Ich will ein Beispiel nennen, nämlich die Ausgrenzung des Zahnersatzes für all diejenigen, die am 1. Januar 1997 noch nicht 18 Jahre alt sind: Quasi über eine biologische Rutschbahn gleitet die nachfolgende Generation aus dem Schutz der gesetzlichen Krankenversicherung heraus. Erstmals wird quasi mit dem Selbstverschulden eine Leistungsausgrenzung begründet, nach dem Motto: Wer schlechte Zähne hat, hat selber schuld; sie oder er hätte sich die Zähne eben putzen müssen. So einfach ist das mit dem Selber-Schuld-Sein aber nicht. Doch Sie schlagen alle Warnungen und Hinweise der Experten in den Wind. Das Motto der Bundesregierung heißt offensichtlich „Mut zur Lücke" . Das ist ihr zahnpolitisches Credo.

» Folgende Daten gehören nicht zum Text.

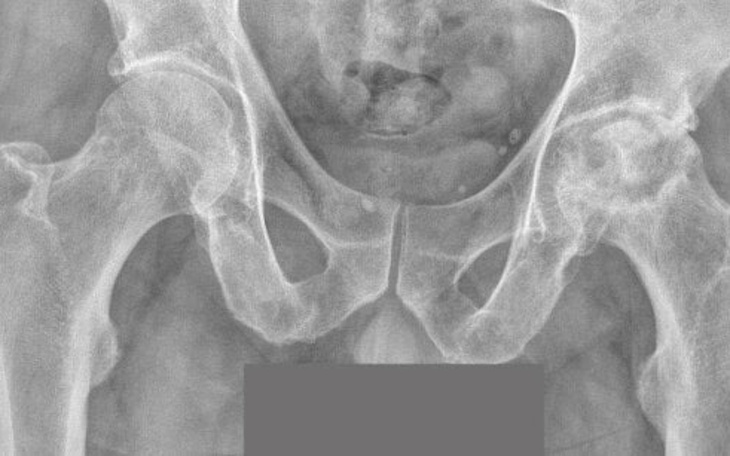 Rentgen miednicy, ukazujący szczegóły anatomiczne.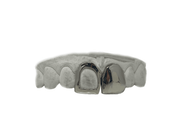 Top Two Front Teeth Grillz in 18K White Gold - (Open Face + Solid)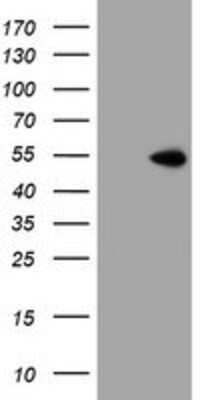 Western Blot: ZNF365 Antibody (OTI1B7) [NBP2-03848]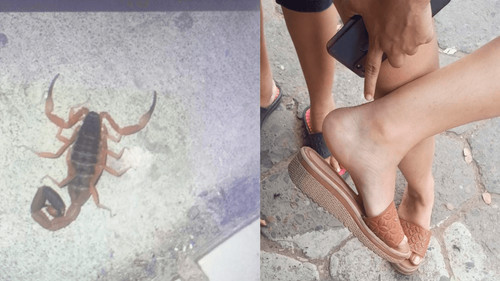Joven picada por alacrán relata su experiencia y la falta de información en centros de salud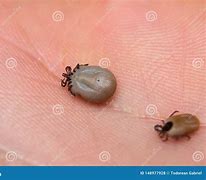 Image result for Small Ticks On Humans
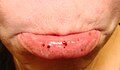 Oral petechiae/purpura - lower lip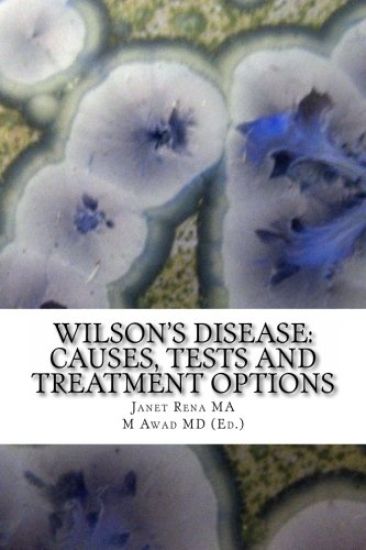 Wilson's Disease: Causes, Tests and Treatment Options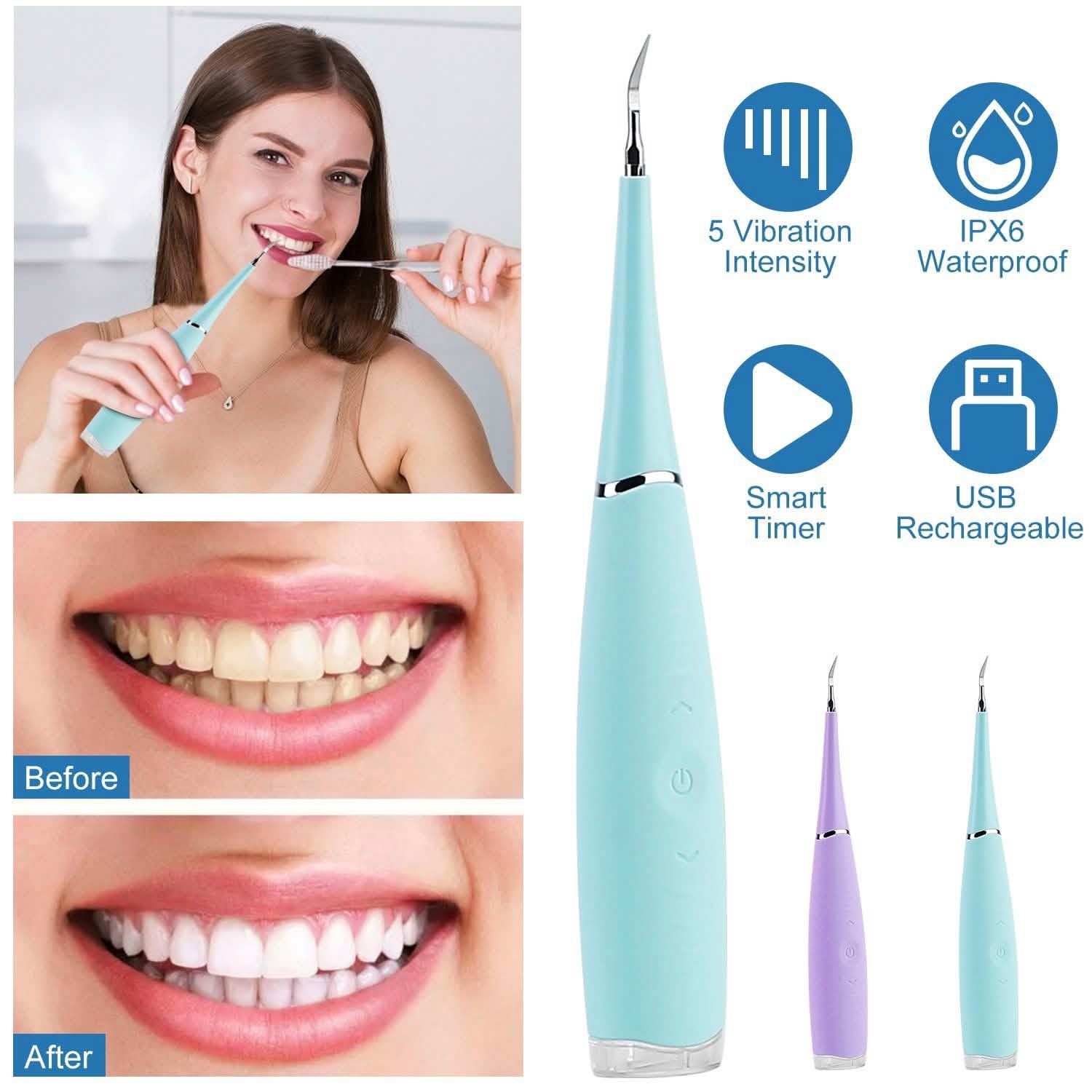 Electric Tartar Remover For Teeth Beauty & Personal Care - Tophatter Daily Deals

Meine Damen und Herren, und der nächste zahnmedizinische Kahlschlag bei der Versorgung mit Zahnersatz ist von der Koalition vorprogrammiert. Ihre zukünftigen Pläne sehen offensichtlich die Abschaffung des Sachleistungsprinzips und an dessen Stelle die Kostenerstattung mit Festzuschüssen vor. Dann haben wir das von den Zahnärzten seit langem geforderte Grund- und Wahlleistungsmodell. Die Zahnärzte können dann mit privaten Liquidationen ihr Einkommen ohne funktionierende Sicherheitslinie steigern.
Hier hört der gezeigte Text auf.